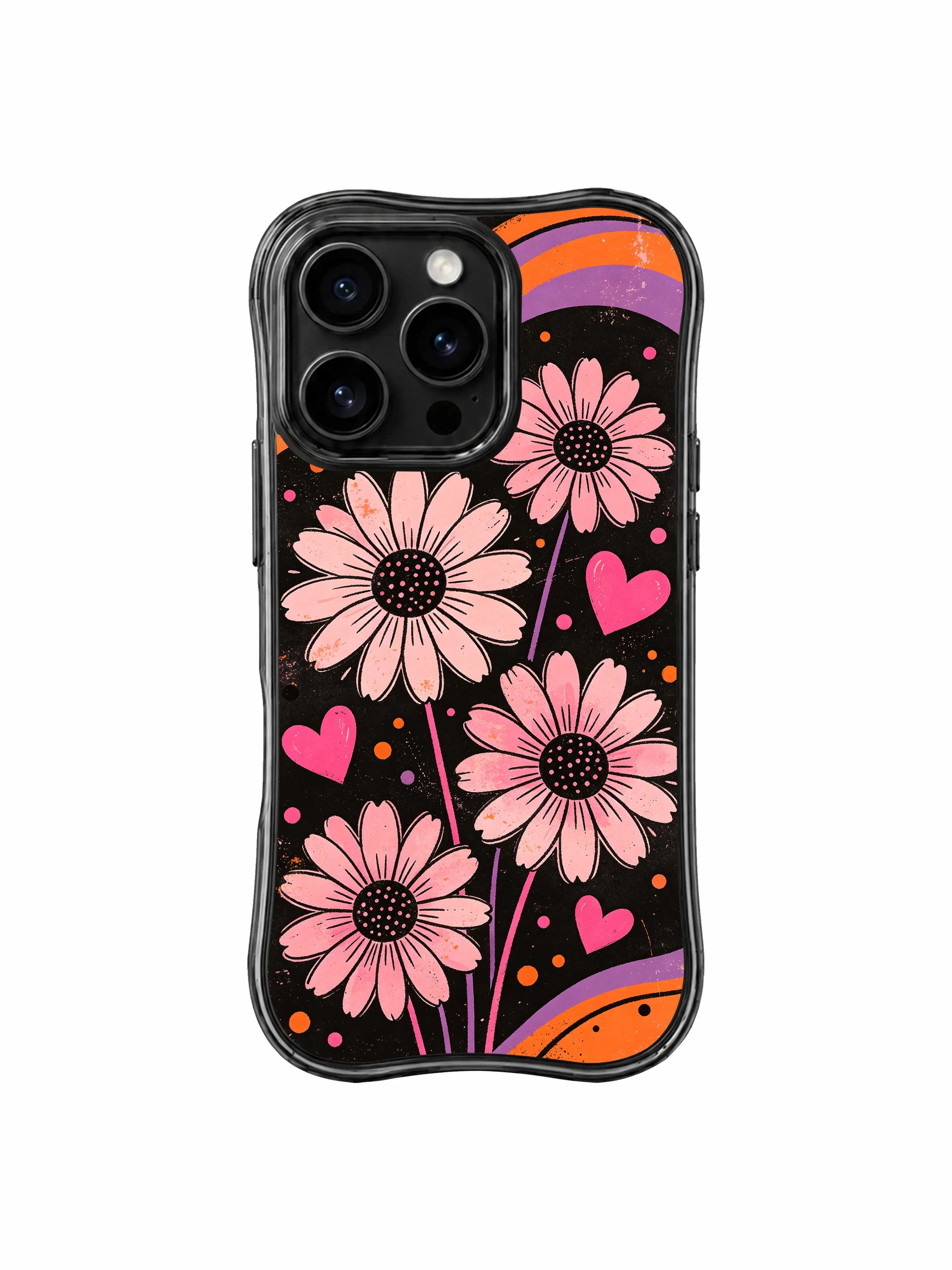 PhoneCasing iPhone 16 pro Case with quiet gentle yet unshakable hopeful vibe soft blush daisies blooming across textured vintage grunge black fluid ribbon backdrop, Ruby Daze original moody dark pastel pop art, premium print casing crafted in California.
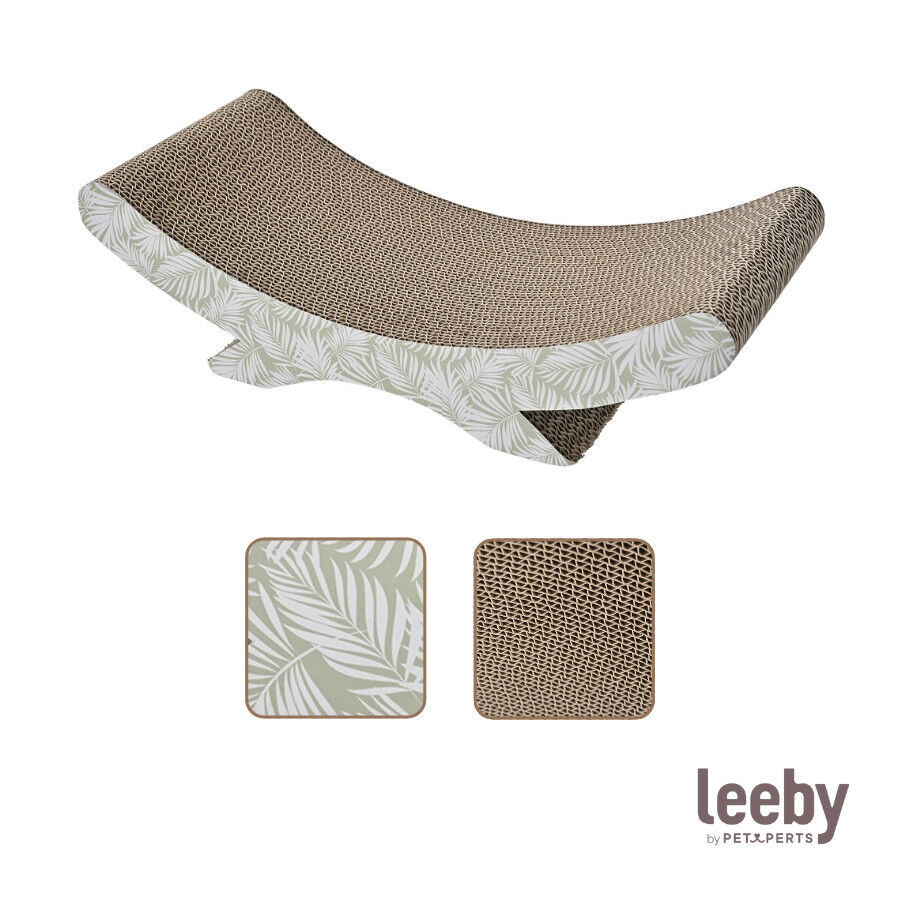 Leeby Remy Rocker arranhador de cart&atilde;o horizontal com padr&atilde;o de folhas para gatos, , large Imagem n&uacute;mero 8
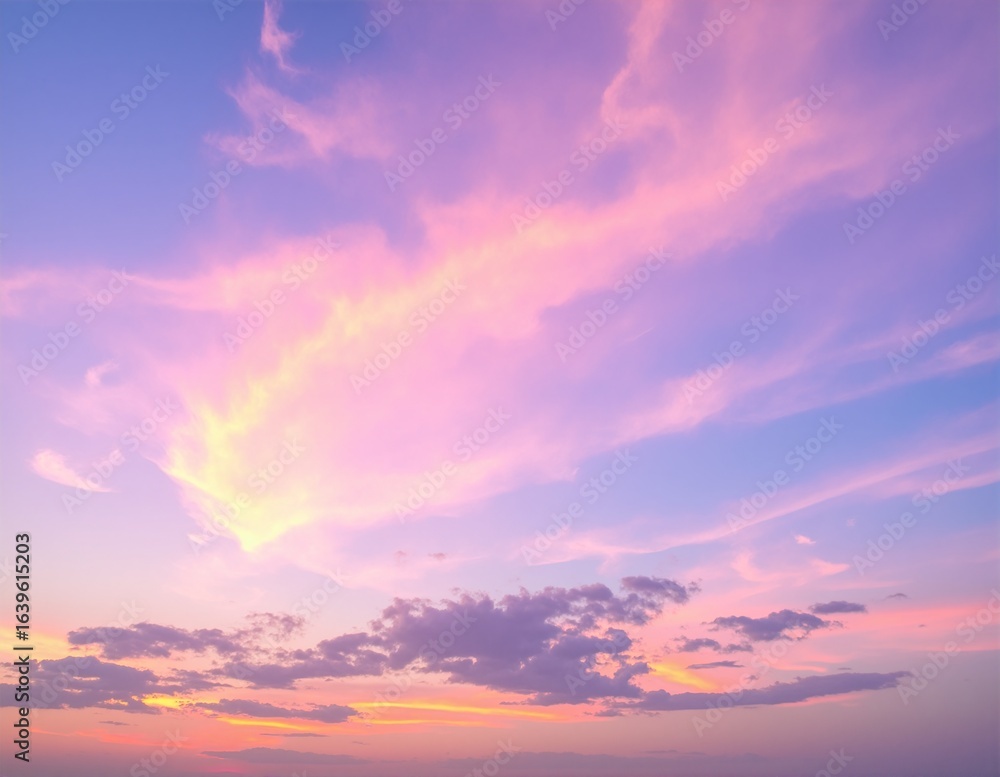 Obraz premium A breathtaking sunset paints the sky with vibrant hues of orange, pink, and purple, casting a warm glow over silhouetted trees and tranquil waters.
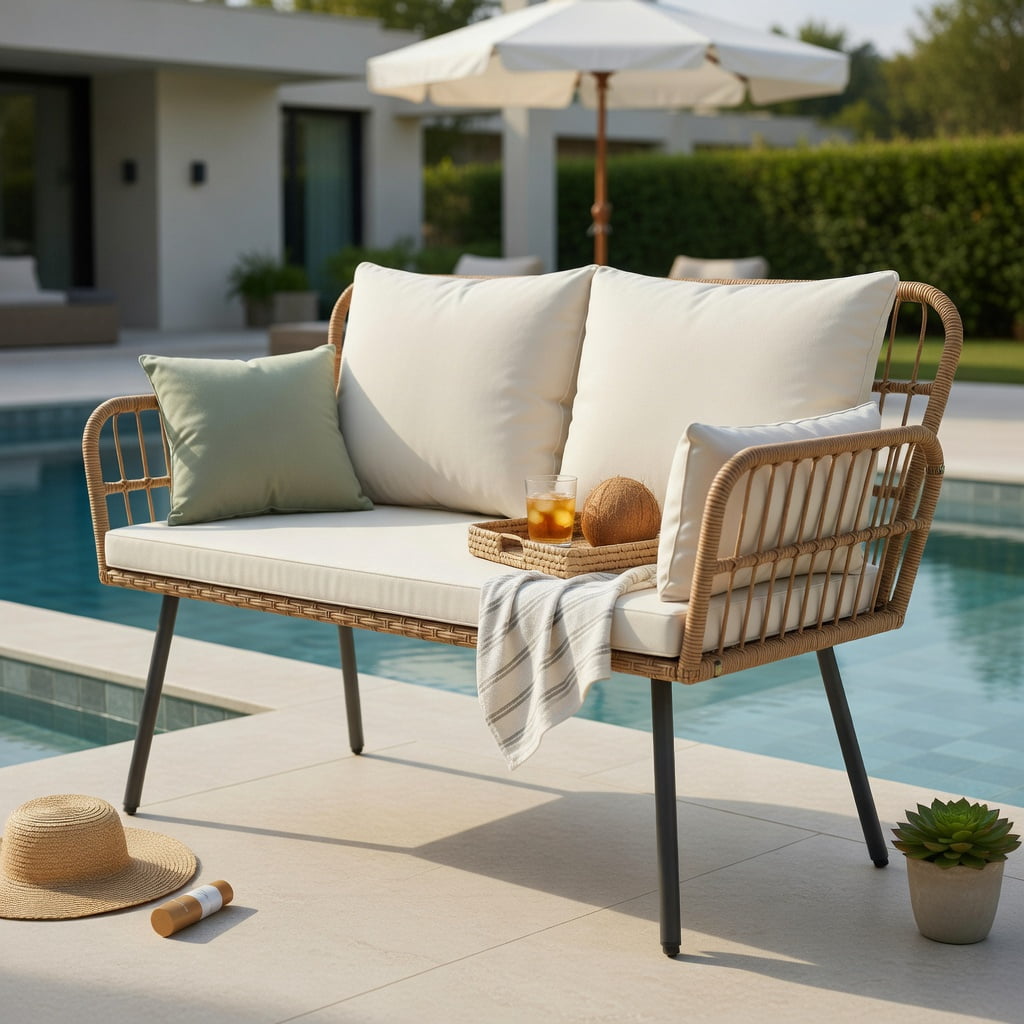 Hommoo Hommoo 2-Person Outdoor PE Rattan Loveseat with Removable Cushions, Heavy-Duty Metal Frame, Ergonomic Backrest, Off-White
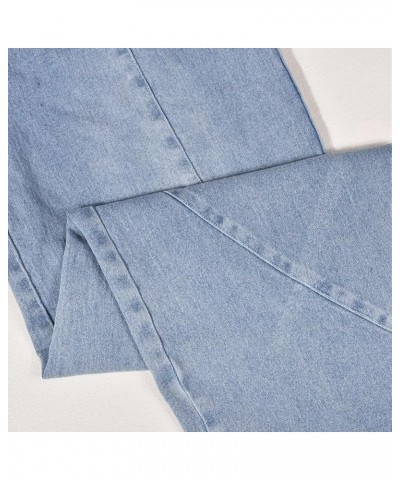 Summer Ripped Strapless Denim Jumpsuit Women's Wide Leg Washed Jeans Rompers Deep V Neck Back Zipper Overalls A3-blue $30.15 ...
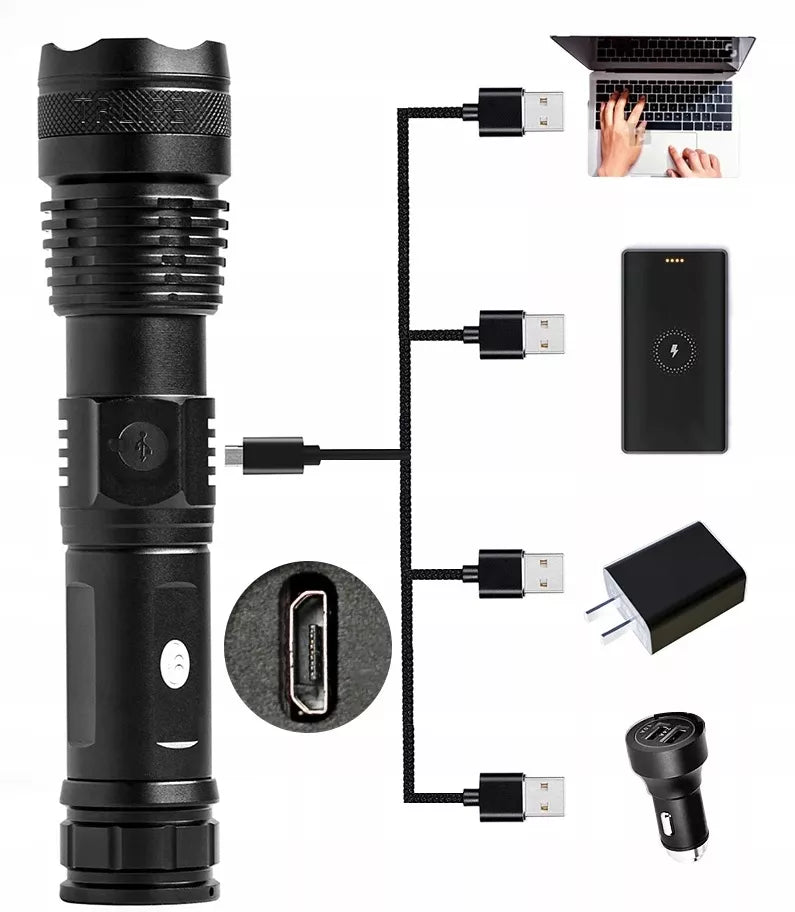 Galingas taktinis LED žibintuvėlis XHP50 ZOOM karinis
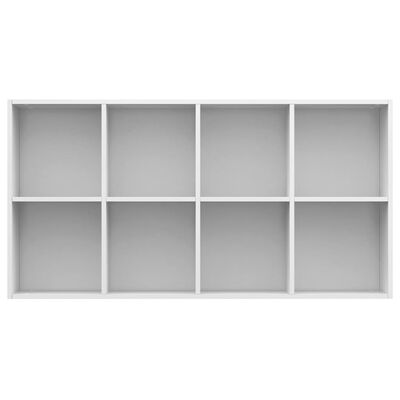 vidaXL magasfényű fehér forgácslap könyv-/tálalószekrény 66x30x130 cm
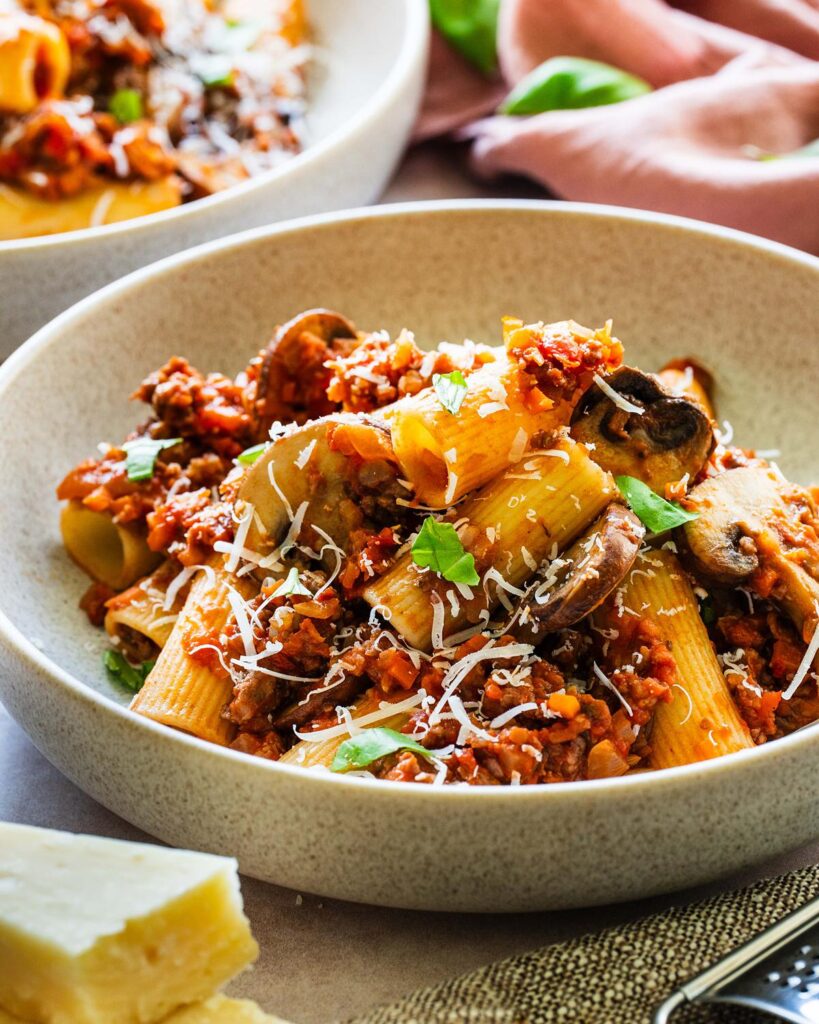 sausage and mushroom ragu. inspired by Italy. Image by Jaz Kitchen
◇ ◇ ◇ ◇ ◇ ◇ ◇
| About this task |
Could you set down exactly, and only, the lines from the line containing "Hommoo Hommoo 2-Person" through the last line of the records, both included, without the pictures?

| Answer to this problem |
 Hommoo Hommoo 2-Person Outdoor PE Rattan Loveseat with Removable Cushions, Heavy-Duty Metal Frame, Ergonomic Backrest, Off-White
 Summer Ripped Strapless Denim Jumpsuit Women's Wide Leg Washed Jeans Rompers Deep V Neck Back Zipper Overalls A3-blue $30.15 ...
 Galingas taktinis LED žibintuvėlis XHP50 ZOOM karinis
 vidaXL magasfényű fehér forgácslap könyv-/tálalószekrény 66x30x130 cm
 sausage and mushroom ragu. inspired by Italy. Image by Jaz Kitchen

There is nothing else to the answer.